> _Task instructions_
Reproduce exactly the lines below, starting at the line that contains "ABB F362-40/0.03 Residual" and ending with the last line of the records, both included; leave out any pictures.

Data excerpts
+ + +

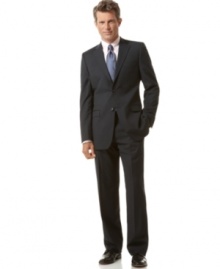 Look sharp. This navy suit from Donald J. Trump helps you break out of the box with a singular style statement.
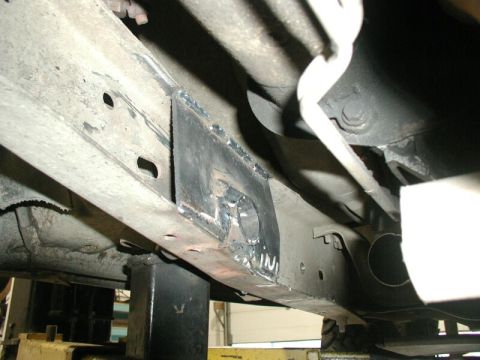 1985 Ford Bronco - And this is how the frame is "boxed".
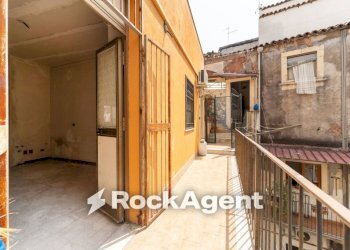 Balcone - Bilocale via Serravalle, 42, Catania - foto 15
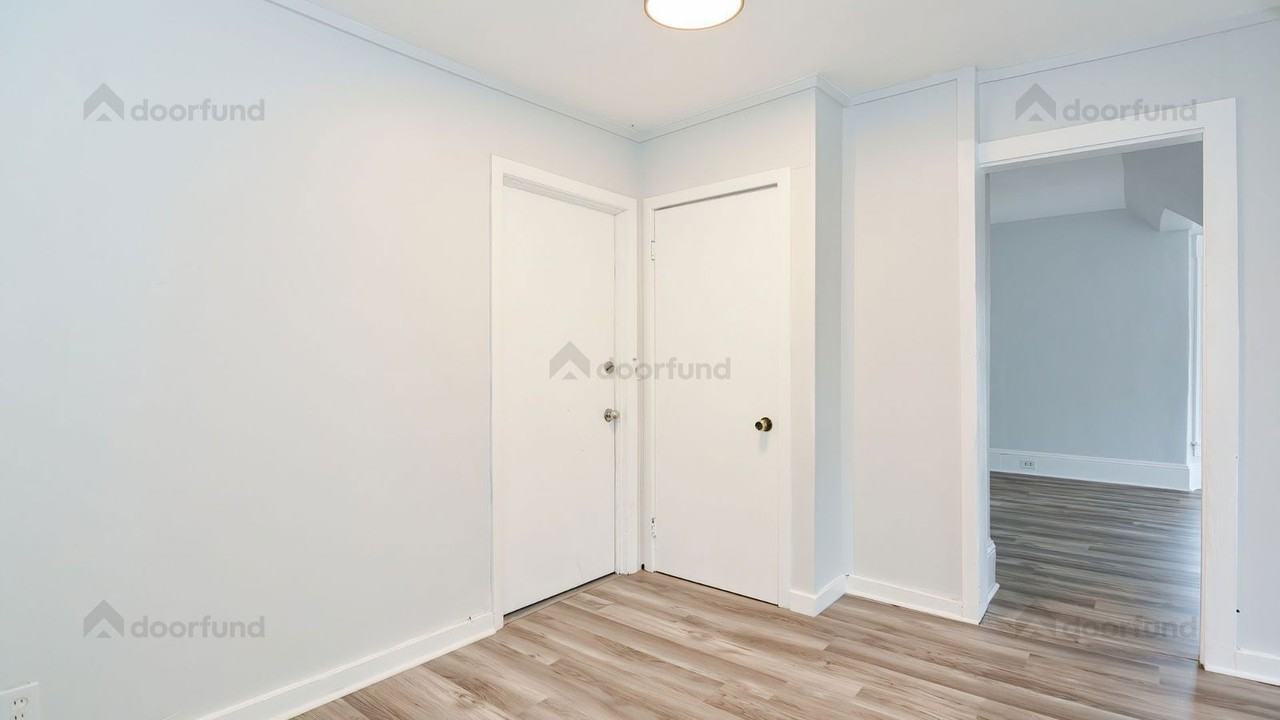 144 Franklin St #5 - Photo 7 of 30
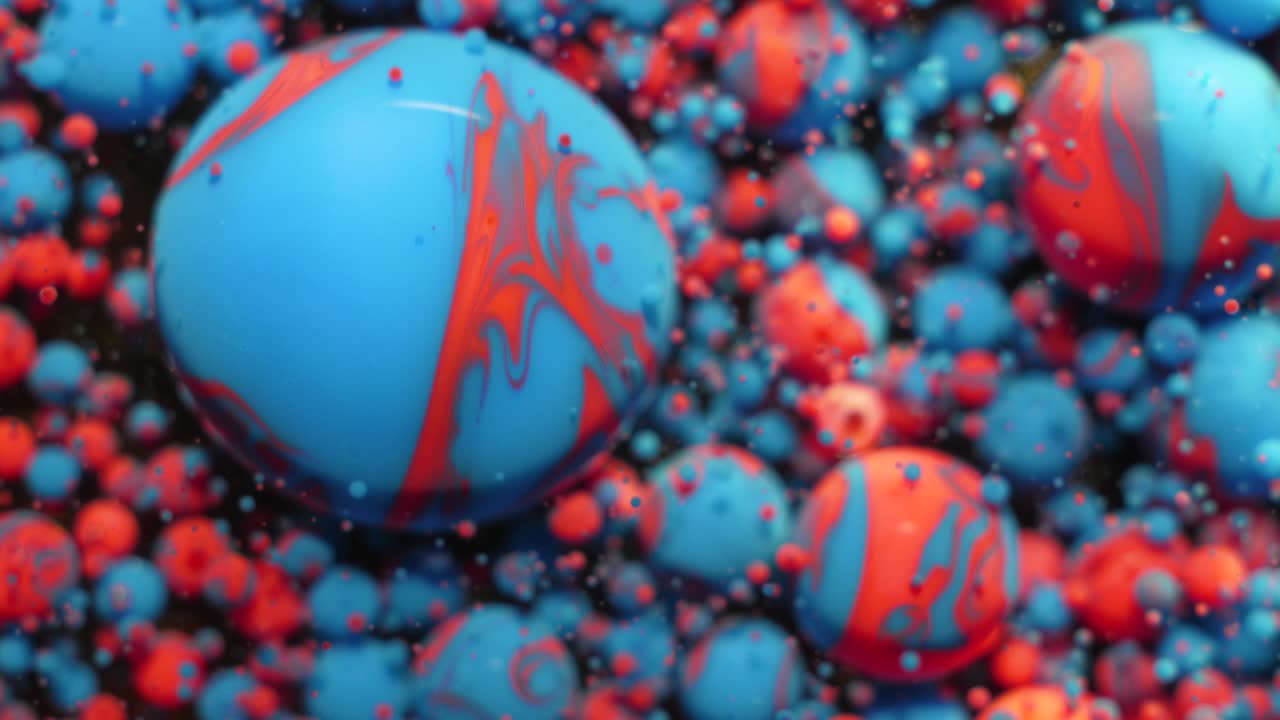 медленное движение яркие пастельные цветовые пузырьки масло красивая молочная краска сверкающий цвет движущаяся многоцветная близко. акриловая синяя краска. фантастическая поверхность. абстрактная красочная трансформация гравитация.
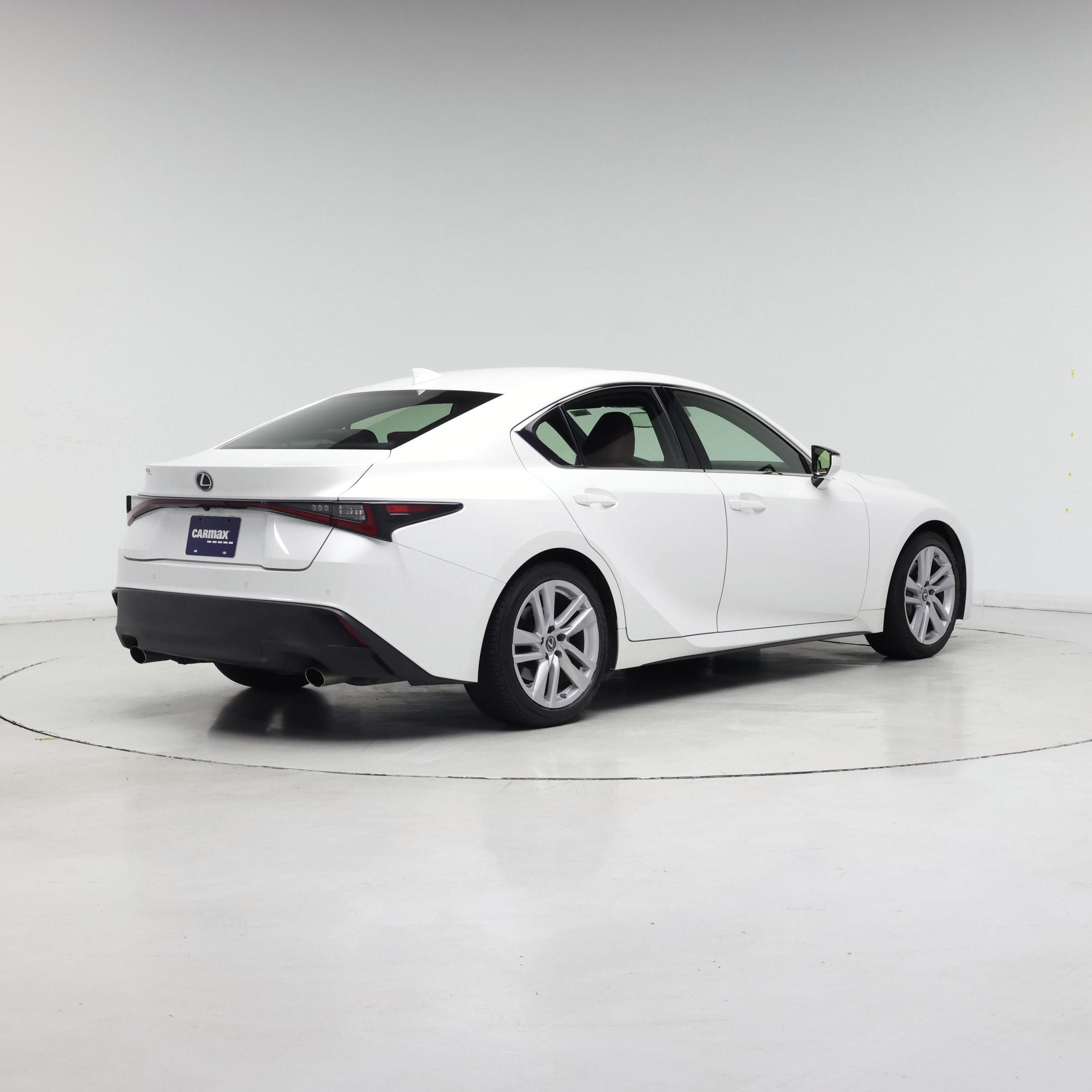 Thumbnail: 2021 Lexus IS - 8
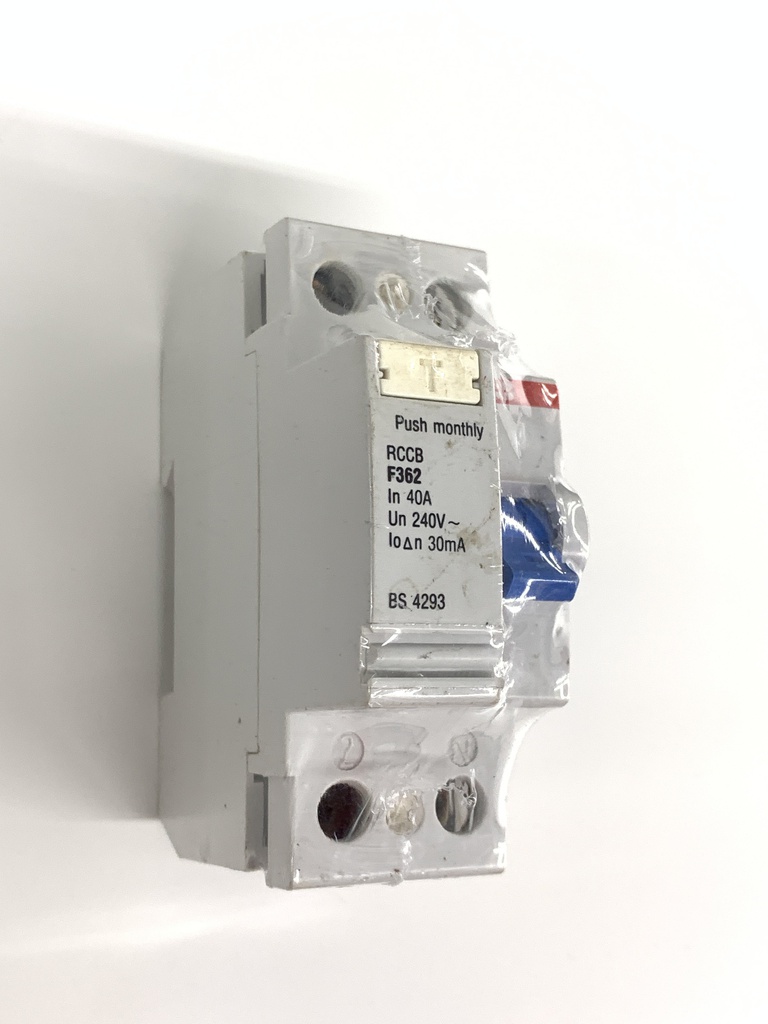 ABB F362-40/0.03 Residual Current-operated Circuit Breakers F 360 and F 370 Rang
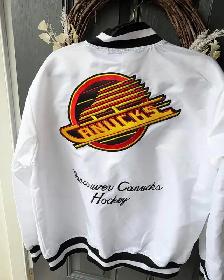 Mitchell & Ness Canucks Satin Bomber – Large – Flying Skate Logo - Photo 2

+ + +

> _Answer to the problem_
 ABB F362-40/0.03 Residual Current-operated Circuit Breakers F 360 and F 370 Rang
 Mitchell & Ness Canucks Satin Bomber – Large – Flying Skate Logo - Photo 2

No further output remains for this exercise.